Leveraging Human Feedback to Evolve and Discover Novel Emergent Behaviors in Robot Swarms







Connor Mattson and Daniel S. Brown

Kalhert School of Computing, University of Utah

Abstract

Robot swarms often exhibit emergent behaviors that are fascinating to observe; however, it is often difficult to predict what swarm behaviors can emerge under a given set of agent capabilities. We seek to efficiently leverage human input to automatically discover a taxonomy of collective behaviors that can emerge from a particular multi-agent system, without requiring the human to know beforehand what behaviors are interesting or even possible. Our proposed approach adapts to user preferences by learning a similarity space over swarm collective behaviors using self-supervised learning and human-in-the-loop queries. We combine our learned similarity metric with novelty search and clustering to explore and categorize the space of possible swarm behaviors.

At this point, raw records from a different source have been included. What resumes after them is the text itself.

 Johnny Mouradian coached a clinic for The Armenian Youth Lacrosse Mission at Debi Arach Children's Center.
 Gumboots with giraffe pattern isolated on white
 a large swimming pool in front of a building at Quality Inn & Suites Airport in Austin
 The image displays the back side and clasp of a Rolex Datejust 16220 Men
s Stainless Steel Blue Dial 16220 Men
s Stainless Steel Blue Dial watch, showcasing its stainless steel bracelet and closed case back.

We also propose several general-purpose heuristics that improve the efficiency of our novelty search by prioritizing robot controllers that are likely to lead to interesting emergent behaviors. We test our approach in simulation on two robot capability models and show that our methods consistently discover a richer set of emergent behaviors than prior work.

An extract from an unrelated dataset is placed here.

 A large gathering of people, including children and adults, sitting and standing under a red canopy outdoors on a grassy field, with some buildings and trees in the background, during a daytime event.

Emergent Behavior Examples: Single-Sensor Model

Cyclic Pursuit

Aggregation

Milling

Wall Following

Dispersal

Random

Emergent Behavior Examples: Two-Sensor Model

Nested Cycle

Concave Path

Novelty Search

We evolve over our behavior space for 100 generations at 100 population each. For each experiment, we evaluate the average number of distinct emergent behaviors returned by 𝑘-medoids for the final 10 generations of evolution. This averaging over medoids helps capture the impact of the behavior space shifting.  Below: Evolutionary Search over the Homogeneous Controller Space (Left) with the Novelty Search objective of diversifying the behavior space (right).

Results

We present the results of our methods when evolving a set of emergent behaviors and find that we are able to re-discover all known collective behaviors that exist on Brown et al.’s original single-sensor model. We also present two new behaviors, Nested Cycles and Concave Paths, that are possible given a two-sensor robot model. To the best of our knowledge, both behaviors were previously unknown to be possible on robots of this simple design.